Juan José Millás | EL PAÍS
Leí un artículo donde expresaba incapacidad para coser un botón desprendido de una camisa elegida para asistir a un evento. Me gustó su sinceridad: puso el botón sobre la mesa, observó la situación y optó por usar otra. Deduje que vivía solo y, si tenía una persona para las faenas domésticas, en ese momento no le podía echar una mano. Incluso pensé, no sabemos nada de nuestros escritores, que podía ser viudo.

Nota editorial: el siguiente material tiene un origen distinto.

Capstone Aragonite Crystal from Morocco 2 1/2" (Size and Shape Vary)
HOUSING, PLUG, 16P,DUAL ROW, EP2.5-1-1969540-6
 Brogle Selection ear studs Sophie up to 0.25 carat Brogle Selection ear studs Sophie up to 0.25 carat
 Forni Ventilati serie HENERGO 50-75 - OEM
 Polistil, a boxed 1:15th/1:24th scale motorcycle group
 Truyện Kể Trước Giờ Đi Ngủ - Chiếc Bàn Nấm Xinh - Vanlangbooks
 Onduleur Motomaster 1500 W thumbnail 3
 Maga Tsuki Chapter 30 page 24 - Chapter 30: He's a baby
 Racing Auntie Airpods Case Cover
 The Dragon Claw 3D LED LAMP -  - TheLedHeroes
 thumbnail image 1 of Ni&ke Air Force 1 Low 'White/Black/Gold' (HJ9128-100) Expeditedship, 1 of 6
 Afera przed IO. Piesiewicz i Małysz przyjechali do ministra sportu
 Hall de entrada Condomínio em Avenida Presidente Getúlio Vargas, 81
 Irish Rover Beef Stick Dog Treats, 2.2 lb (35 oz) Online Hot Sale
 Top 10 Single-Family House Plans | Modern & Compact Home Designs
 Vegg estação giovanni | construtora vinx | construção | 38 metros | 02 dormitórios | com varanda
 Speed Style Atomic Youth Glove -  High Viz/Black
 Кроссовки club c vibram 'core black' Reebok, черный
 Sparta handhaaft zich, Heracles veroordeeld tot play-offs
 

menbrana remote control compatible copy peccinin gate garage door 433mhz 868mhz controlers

Pues bien, en la columna del 16-09-22, que titula Despistes, acabo de enterarme, así lo dice en su columna, que por esa fecha ya era viudo. Y el tema que ha escogido me parece lleno de ternura: habla de una vecina, viuda, sus hijos viven en el extranjero; vive sola. Llamó a su puerta y le devolvió un tomate que "le había prestado el martes". No era así, pero él lo tomó porque hubiera sido una indelicadeza no haberlo aceptado. A partir de ese momento, se ha iniciado un préstamo, digamos imaginario; mire, devuelvo los dos huevos que me dejó el jueves... No haberte molestado respondió la vecina, la verdad es que me vienen bien pues tengo la nevera vacía. Volvió a su piso y, mientras preparaba una ensalada con el tomate, supo que era cosa de soledad. Decidió continuar con esos pequeños préstamos que buscaban no sentirse solo, al menos durante unos minutos; y otro día en el que la vecina fue a su casa para devolverle un ibuprofeno, la invitó a café que aceptó, encantada. Evitar la soledad, es bueno.